Modified blood stem cells

 The FDA explained in a statement that Casgevy, which used CRISPR CAS 9, works by cutting out DNA in specific areas in a way that the faulty gene is expunged and then modified.

 “The modified blood stem cells are transplanted back into the patient where they engraft (attach and multiply) within the bone marrow and increase the production of foetal haemoglobin (HbF), a type of haemoglobin that facilitates oxygen delivery. In patients with sickle cell disease, increased levels of HbF prevent the sickling of red blood cells,” explained the FDA in a statement.

 Lyfgenia, on the other hand, is a cell-based gene therapy which uses a sort of gene transport system called a lentiviral vector to help in genetics.

“With Lyfgenia, the patient’s blood stem cells are genetically modified to produce HbAT87Q, a gene-therapy derived haemoglobin that functions similarly to haemoglobin A, which is the normal adult haemoglobin produced in persons not affected by sickle cell disease. Red blood cells containing HbAT87Q have a lower risk of sickling and occluding blood flow. These modified stem cells are then delivered to the patient,” said the FDA.


 In the country, estimated data from the Ministry of Health shows that about 14,000 children are born with sickle cell disease every year.

 Most infections in the country are domiciled in some of the Malaria endemic regions such as the coast, western and the lake region.

 Dr Peter Marks, FDA’s director of the Center for Biologics Evaluation and Research said that the approvals represent an important medical advancement that will in the future be beneficial to public health.

“Today’s actions follow rigorous evaluations of the scientific and clinical data needed to support approval, reflecting the FDA’s commitment to facilitating the development of safe and effective treatments for conditions with severe impacts on human health,” he said.
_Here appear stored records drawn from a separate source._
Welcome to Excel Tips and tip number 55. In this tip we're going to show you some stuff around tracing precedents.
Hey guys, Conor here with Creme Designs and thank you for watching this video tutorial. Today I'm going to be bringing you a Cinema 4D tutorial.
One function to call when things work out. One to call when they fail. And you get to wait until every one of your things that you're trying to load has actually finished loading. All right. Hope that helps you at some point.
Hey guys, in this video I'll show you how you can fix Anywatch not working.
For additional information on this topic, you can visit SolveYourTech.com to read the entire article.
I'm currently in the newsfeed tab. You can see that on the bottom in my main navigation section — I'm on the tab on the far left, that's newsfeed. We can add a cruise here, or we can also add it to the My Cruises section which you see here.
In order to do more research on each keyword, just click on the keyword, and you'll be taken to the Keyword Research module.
 However, the FDA said that the safety of the two forms of therapy is still being evaluated as patients who have already received the drug will be followed through in a couple of months.

White blood cells

 “The most common side effects were low levels of platelets and white blood cells, mouth sores, nausea, musculoskeletal pain, abdominal pain, vomiting, febrile neutropenia (fever and low white blood cell count), headache and itching,” said the FDA, in reference to Casgevy’s possible risks.
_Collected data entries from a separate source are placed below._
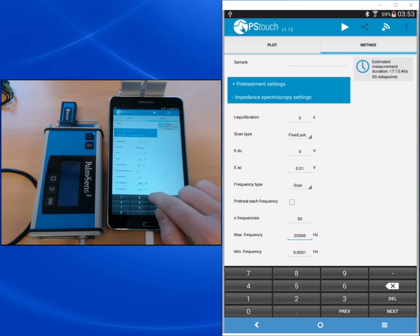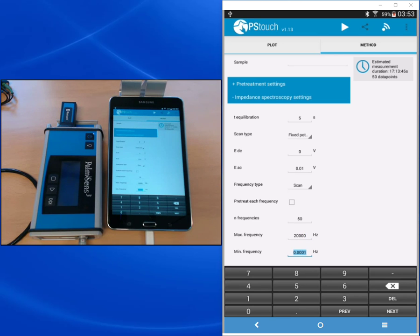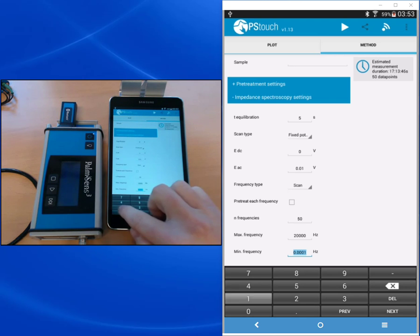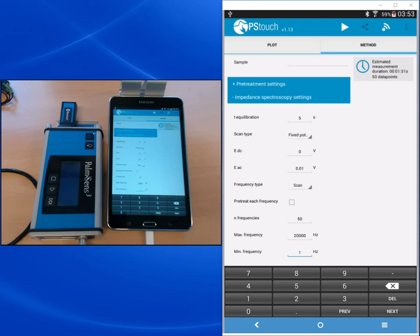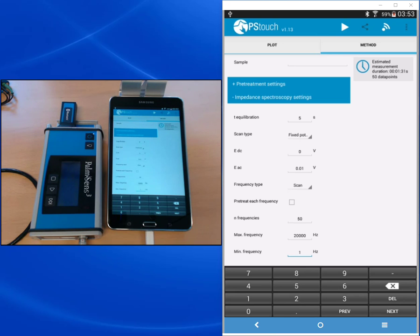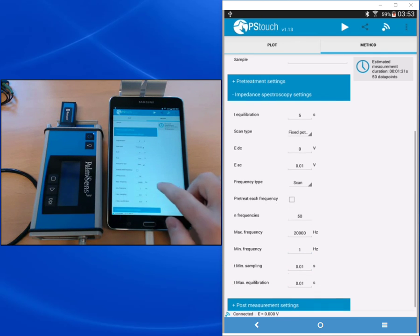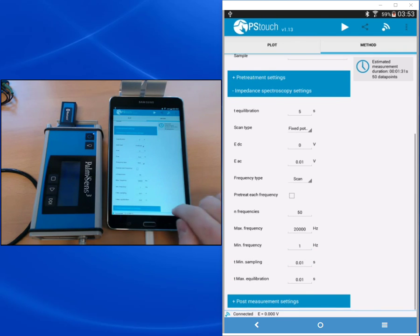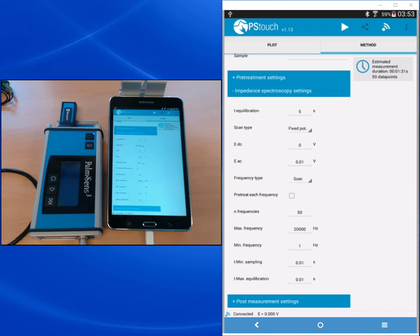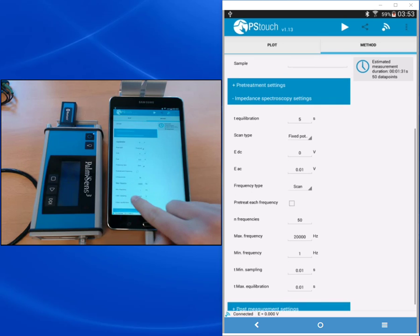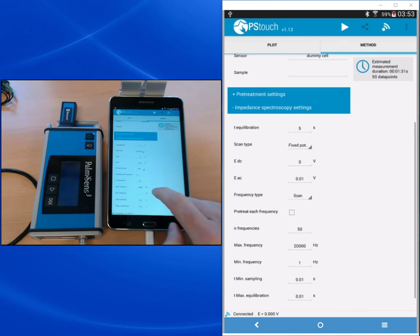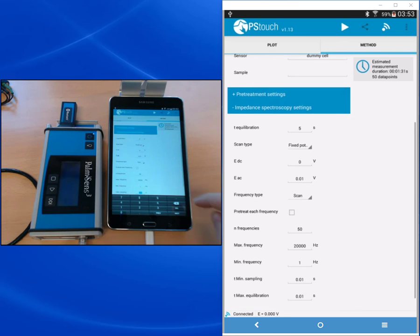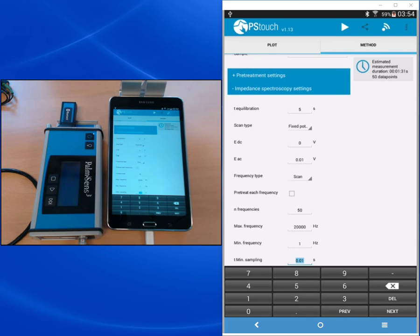The minimum frequency that the Palmsense can handle is 0.1 millihertz. We don't need to go that low. We will just choose one hertz. Because as lower the frequencies go, the longer the measurement will take. With one hertz, one sine wave takes one second. With one millihertz, one sine wave takes a thousand seconds. So we're choosing one hertz.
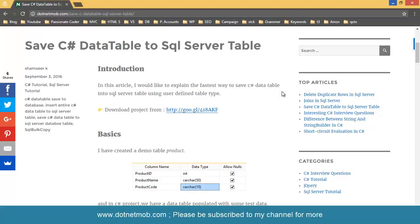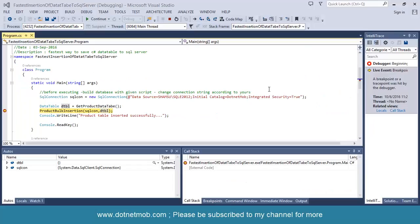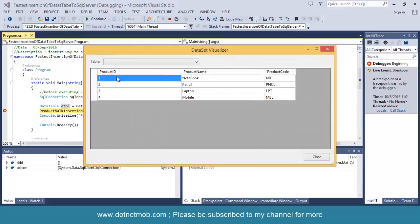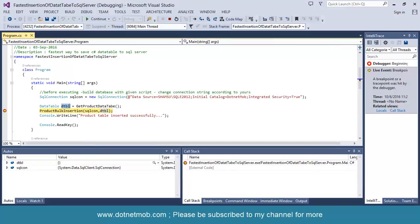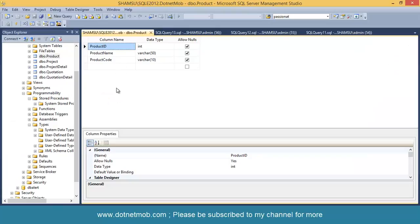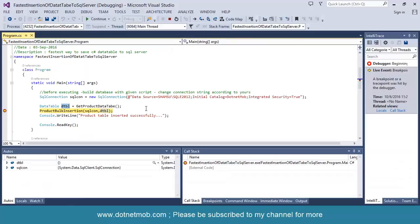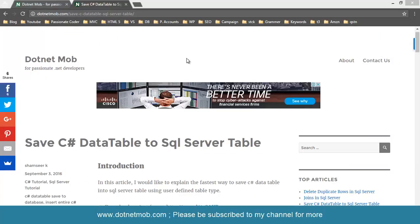How to save C-Sharp data table into SQL Server table as a whole? Here I have a C-Sharp data table DTBL, inside the table I have 4 rows, and I am going to insert this table into SQL Server table 'product'. I am not going to insert these rows row by row — I am going to insert the table as a whole using a stored procedure and a user-defined table type in SQL Server. Welcome to dotnet mob — in this video I am going to show you how to save a C-Sharp data table into SQL Server table.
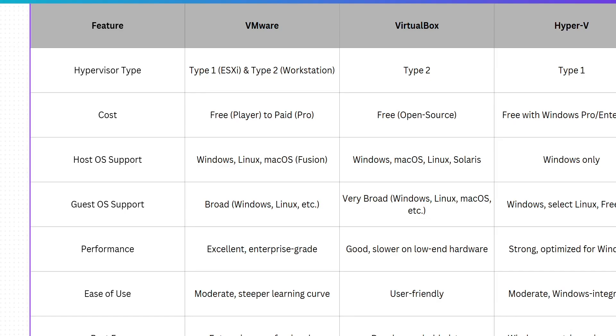So, how do they stack up? Check out this chart. VMware shines for enterprise-grade performance and scalability ideal for businesses. VirtualBox is your go-to for free, flexible virtualization on any platform perfect for developers and hobbyists, and Hyper-V is best for Windows users needing robust server virtualization without extra costs.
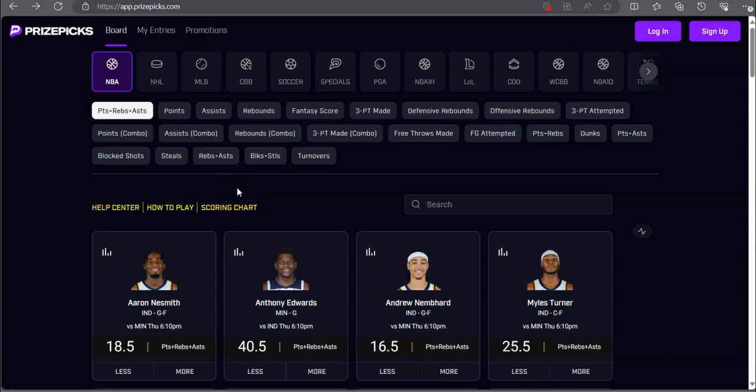Welcome back today, y'all. How we doing today Forbes Betters? Let's go ahead and check out the PrizePicks Sportsbook and Underdog Wars, see what we got today.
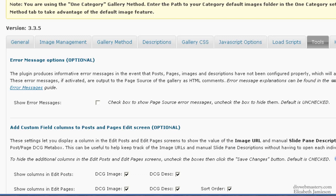And the Tools section you can just leave at the default. And that should be it. If you could set up the Dynamic Content Gallery plugin that way, that would be great.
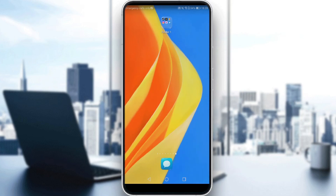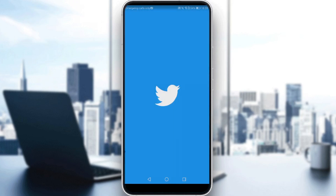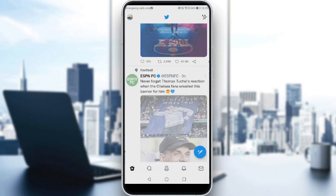Go and sign in or create your account. If you already have an account, ignore all of that, log into your account, and let's get started. Launch Twitter, and if you want to know who unfollowed you, just head to your profile.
 For Lyfgenia on the other hand, the FDA reported that the common side effects are; stomatitis (mouth sores of the lips, mouth, and throat), low levels of platelets, white blood cells, and red blood cells, and febrile neutropenia (fever and low white blood cell count), consistent with chemotherapy and underlying disease.

Two pharmaceutical companies – Vertex Pharmaceuticals Inc. and Bluebird Bio Inc received approval from the FDA to sell and distribute the two new regimens.
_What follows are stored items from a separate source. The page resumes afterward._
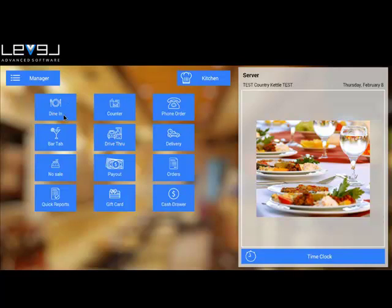The dine-in button is where you'll take orders for dine-in, where you'll be selecting a table to seat your customers.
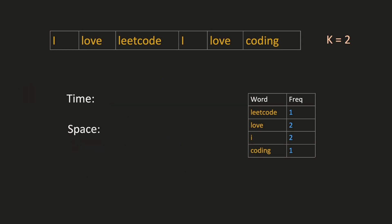The time complexity would be: we have to create a heap of size n and we have to retrieve k elements from it. Hence it would be O(n log n). And the space complexity would be: we have to create a heap and a frequency map of size n. Hence it would be O(n).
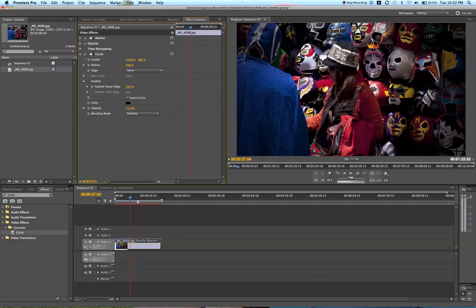Vignette is not for everyone and it's not for all video types, but it's an option to increase the quality of your video quite easily. So that is the Circle effect and that is how you create a beautiful vignette in Adobe Premiere Pro.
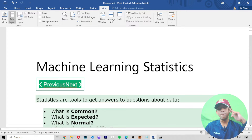Here you can see it. So in today's video we learned about what statistics are in machine learning. I hope you enjoyed this class. If you enjoyed it, please like this video, share with your friends, subscribe to my channel, and don't forget to hit the notification bell. So for today, goodbye.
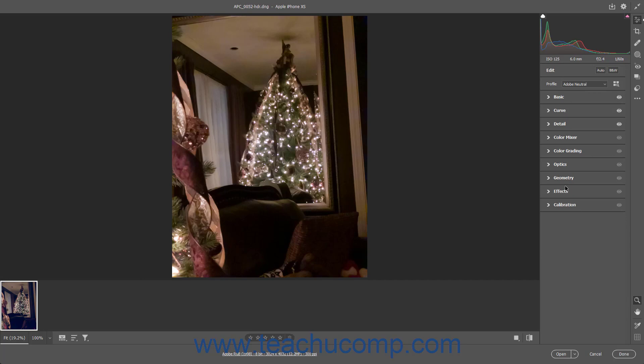To show the Geometry tab in the Camera Raw dialog box in Photoshop, click the Edit button in the toolbar at the right side of the Camera Raw dialog box if needed to show the Edit panel. Then click the Geometry tab in the Edit panel that appears to the left of the toolbar to expand it if needed.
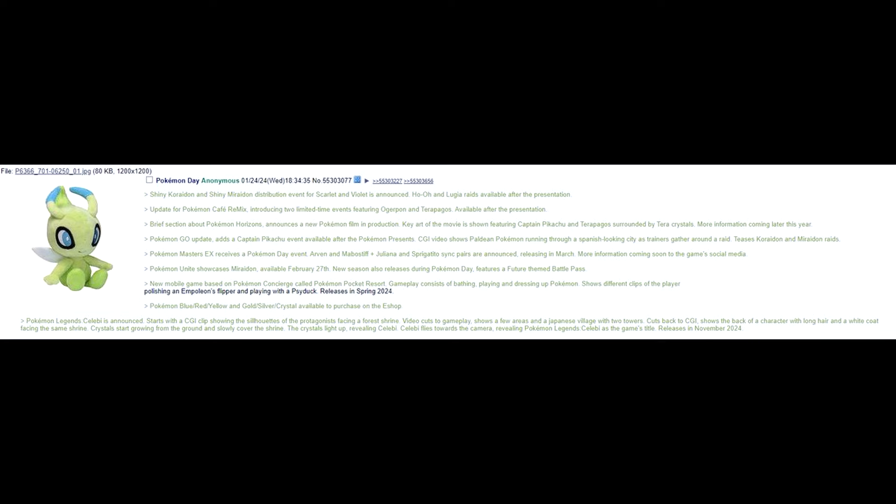Pokemon Masters EX receives a Pokemon Day event. Arven and Mabosstiff, plus Juliana and Sprigatito sync pairs are announced releasing in March. More information coming soon to the game's social media. Pokemon Unite showcases Miraidon available February 27th. New season also releases during Pokemon Day. Features a future-themed battle pass. New mobile game based on Pokemon Concierge called Pokemon Pocket Resort. Gameplay consists of battling, playing, and dressing up Pokemon. Shows different clips of the player polishing an Empoleon's flipper and playing with a Psyduck. Releases in Spring 2024. Hmm. Maybe. I don't know, we'll see.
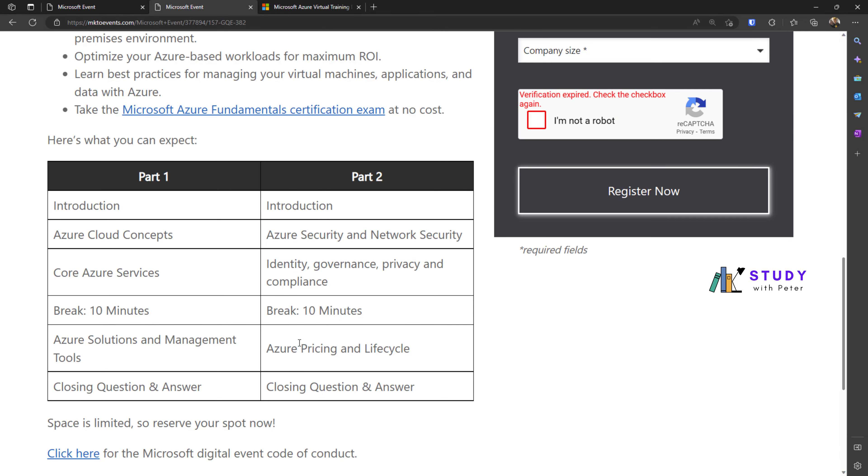During the training, you're going to see a lot of great content about Microsoft Azure, starting from Microsoft Azure cloud concepts and ending with Microsoft pricing and lifecycle.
Leah Kilenga, the Executive Director of Africa Sickle Cell Organisation, who also lives with sickle cell disease weighs in on the new therapy, saying that she is cautiously optimistic about African patients accessing it.

“As it stands, we still do not have access to the basic essential medicine and therapies that are proven to be working because of the low prioritization by governments in terms of policy and budgets," she said.

She told the Nation that Health systems need to be strengthened in Africa when it comes to providing sickle cell care.

“If we do not have access to the lower profile patient care, early access to diagnosis and linkage of care, essential medicines and chronic care management, then I do not think that the patients and the populations living with sickle cell will even be healthy enough to be able to be candidates for CRISPR,” she explained.

"Now, it seems like a pipe dream even though there is a hopeful light at the end of the tunnel. But, how realistic is it for us to achieve it, within the next 20 to 30 years if all these other things are not addressed," she added.